GIRL X at the Japan Society

Photo Credit: Ayumi Sakamoto

If you have never been to the Japan Society, tucked away on East 47th Street between 2nd and 1st, make it a point to go there this year. Better yet, go there this week. I promise you will be amazed that such magnificent beauty was hiding in plain sight. I paid the Japan Society my first visit this past weekend to see a production of Girl X by Suguru Yamamoto, and was delightfully surprised. My only previous experience with Japanese plays had been the works of Toshiki Okada produced at JACK (The Sonic Life of a Giant Tortoise and Quiet, Comfort) and my mind raced to start comparing and contrasting their two styles, but for now, let’s look at Girl X all on its own.

The story takes place on the 2-year anniversary of the Great East Japan Earthquake of March 11, 2011 (the same quake that set off the nuclear meltdowns at the Fukuskima Daiichi Nuclear Power Plant). Yamamoto discussed — both in the program note and in the talkback — what a violent aftermath he and his loved ones were still grappling with, even two years later, and how the natural disaster forced him to confront his mortality and the stakes of his life rather early for a 20-something. Throughout the play, characters speak to the personified “Shinjuku winds,” with a respect for nature and an acceptance that certain universal forces are out of their control.

Contrary to what the title evokes, the two actors — Kazuki Ohashi and Sachiro Nomoto — are men. Girl X is a story of aging and alienation, and the human pursuit of love and happiness. Ohashi and Nomoto orbit around Girl X, an ex-girlfriend of the former and an older sister to the latter. For scenes in which Girl X is present, she is represented by projected text, silently “speaking” her lines. The male actors dance and swerve around her projected lines, Ohashi even caressing them at one point, as if rubbing her back, creating a human form out of light and space. Once you acclimate to this conceit, you can almost hear Girl X speaking her lines aloud, akin to how you hear a character’s voice in your head when reading a novel.

The physical absence of Girl X was discussed in a talkback following the show, with Yamamoto explaining that he didn’t want a female actor’s body on stage to be forced to assume the sexually perverse events discussed in the play. (Perhaps something was lost in translation here, or else we skirted discussion of a significant cultural divide, if Yamamoto was suggesting that a female actor couldn’t handle such events, or her own sexual identity would be too distracting for the audience.) Another explanation offered was that we interact so frequently via text these days that we have become “characters” to our friends and loved ones, via the way we write our messages.
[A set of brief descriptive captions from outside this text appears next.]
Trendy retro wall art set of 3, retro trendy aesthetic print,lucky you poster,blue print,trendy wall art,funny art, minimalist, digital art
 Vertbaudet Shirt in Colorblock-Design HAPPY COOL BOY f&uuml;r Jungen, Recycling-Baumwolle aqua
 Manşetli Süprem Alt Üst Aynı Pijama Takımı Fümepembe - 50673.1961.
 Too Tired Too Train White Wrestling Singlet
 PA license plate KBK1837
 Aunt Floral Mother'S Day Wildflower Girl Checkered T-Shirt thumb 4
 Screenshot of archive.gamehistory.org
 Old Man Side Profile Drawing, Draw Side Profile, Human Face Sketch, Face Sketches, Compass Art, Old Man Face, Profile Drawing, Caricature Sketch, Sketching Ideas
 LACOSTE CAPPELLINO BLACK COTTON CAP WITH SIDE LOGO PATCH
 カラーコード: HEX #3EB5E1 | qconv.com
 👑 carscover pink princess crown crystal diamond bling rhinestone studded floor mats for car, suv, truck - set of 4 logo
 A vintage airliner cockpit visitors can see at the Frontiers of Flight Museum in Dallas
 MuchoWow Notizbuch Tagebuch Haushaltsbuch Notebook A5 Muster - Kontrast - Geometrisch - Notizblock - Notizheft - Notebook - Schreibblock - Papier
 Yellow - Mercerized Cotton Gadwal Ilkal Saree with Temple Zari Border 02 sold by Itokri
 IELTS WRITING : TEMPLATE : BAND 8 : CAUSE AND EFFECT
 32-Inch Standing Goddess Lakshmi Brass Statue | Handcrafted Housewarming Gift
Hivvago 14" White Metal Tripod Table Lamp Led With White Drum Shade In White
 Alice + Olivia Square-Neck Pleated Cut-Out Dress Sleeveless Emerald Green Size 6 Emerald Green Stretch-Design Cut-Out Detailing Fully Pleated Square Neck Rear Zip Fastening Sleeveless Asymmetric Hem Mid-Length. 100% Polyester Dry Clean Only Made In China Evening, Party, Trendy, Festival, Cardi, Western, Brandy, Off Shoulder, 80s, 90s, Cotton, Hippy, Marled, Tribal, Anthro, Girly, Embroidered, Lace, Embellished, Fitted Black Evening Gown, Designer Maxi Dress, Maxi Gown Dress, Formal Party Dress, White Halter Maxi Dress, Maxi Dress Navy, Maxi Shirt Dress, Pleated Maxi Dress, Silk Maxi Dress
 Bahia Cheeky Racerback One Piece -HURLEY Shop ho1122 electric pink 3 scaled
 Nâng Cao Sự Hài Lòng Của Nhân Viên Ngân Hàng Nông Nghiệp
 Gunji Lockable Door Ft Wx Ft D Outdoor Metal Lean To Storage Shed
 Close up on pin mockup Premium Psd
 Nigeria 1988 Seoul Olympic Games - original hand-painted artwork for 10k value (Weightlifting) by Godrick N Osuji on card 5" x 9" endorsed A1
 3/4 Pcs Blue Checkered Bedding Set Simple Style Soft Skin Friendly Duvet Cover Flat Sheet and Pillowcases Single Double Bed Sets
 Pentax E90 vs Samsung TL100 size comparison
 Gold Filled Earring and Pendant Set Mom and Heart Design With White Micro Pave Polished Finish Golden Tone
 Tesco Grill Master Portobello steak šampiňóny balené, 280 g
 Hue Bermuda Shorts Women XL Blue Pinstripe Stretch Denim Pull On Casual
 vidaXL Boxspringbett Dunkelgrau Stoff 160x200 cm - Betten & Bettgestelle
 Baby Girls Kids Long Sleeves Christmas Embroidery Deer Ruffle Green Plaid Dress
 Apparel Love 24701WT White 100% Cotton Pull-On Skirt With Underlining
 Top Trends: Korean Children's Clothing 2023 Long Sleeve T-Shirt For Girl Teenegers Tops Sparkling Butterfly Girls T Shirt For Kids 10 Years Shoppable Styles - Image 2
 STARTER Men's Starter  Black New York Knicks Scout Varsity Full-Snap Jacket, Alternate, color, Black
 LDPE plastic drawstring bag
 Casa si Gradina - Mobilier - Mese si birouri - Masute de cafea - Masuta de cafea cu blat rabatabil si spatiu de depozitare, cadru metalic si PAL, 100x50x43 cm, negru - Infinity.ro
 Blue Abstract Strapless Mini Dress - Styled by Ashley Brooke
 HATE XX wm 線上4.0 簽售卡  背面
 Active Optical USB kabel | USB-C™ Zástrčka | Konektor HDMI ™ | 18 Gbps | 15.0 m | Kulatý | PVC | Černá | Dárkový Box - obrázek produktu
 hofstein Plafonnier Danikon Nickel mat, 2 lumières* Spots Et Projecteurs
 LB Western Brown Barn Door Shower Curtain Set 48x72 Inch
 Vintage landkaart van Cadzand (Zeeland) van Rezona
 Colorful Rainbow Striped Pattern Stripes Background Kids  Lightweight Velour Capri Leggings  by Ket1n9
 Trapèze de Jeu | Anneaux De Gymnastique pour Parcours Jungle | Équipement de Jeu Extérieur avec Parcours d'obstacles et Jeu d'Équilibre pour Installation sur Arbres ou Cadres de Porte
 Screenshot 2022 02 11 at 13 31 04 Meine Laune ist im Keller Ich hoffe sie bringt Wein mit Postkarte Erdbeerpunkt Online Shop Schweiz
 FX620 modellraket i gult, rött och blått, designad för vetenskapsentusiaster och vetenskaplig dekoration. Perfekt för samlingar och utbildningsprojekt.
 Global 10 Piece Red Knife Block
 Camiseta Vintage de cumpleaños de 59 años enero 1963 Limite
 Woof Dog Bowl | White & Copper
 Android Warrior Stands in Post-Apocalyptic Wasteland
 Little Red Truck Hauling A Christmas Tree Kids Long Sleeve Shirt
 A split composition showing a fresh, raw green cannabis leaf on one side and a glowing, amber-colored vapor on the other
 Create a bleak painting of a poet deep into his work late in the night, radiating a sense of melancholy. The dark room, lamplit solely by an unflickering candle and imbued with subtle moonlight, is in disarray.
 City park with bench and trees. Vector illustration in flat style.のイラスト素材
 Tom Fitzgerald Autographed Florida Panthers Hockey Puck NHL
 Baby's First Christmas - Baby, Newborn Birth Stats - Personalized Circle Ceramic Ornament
I prefer this millennial, anthropological interpretation of Girl X’s absence, asking the audience to work their imagination.

Overall, projections were a clever and central element of this production, and Yamamoto and the actors discovered some beautiful work with silhouettes, casting enormous shadows across the rear screen. In another scene, Ohashi and Nomoto sit down at a dinner table together, but have to lie on their sides like tipped over turtles that can’t right themselves, because of the birds’ eye perspective of the table projected onto the back wall. The overt humor and spastic energy from the performers complimented the formal, architectural structure of the projected Japanese characters in the background.

Moreover, the structure of the storytelling was delightfully different from American theater, from the haiku-like simplicity of the text, with sparse lines like, “Then I had beer and clenched my teeth and went to sleep,” to the bent-knees physicality, in which both actors kept their weight low to the ground, often prancing and romping much more playfully than American actors typically do, to the exposition of the story, starting with juvenile comedy and ending with profound tragedy. In the first minutes of the play, I was concerned that it would be too silly, but as the story got darker and the stakes got higher, the levity of the actors’ movements morphed into a moving juxtaposition for the violent reality.

Finally, as is often a perk of theater not made in America, the perception of and commentary on the American lifestyle through a Japanese lens was illuminating. Girl X appeared to have reached a certain level of success (and thereby happiness) because of her spacious new apartment. Her brother comments, “My sister’s house is like America. The interior design is like America. There are 5 rooms. There’s a sauna in their America-like bathroom. No denying it, my sister is a winner in capitalism. Plus, she’s done it by the easiest means, by marrying into wealth.” And yet, later, we read the sister’s own internal monologue, shattering this image of the American dream, saying, “If that is so, that is correct. I am happy. But Mother, to continue being happy is pretty hard.” While Girl X may remain an enigma, she is certainly capable of expressing universal wisdom.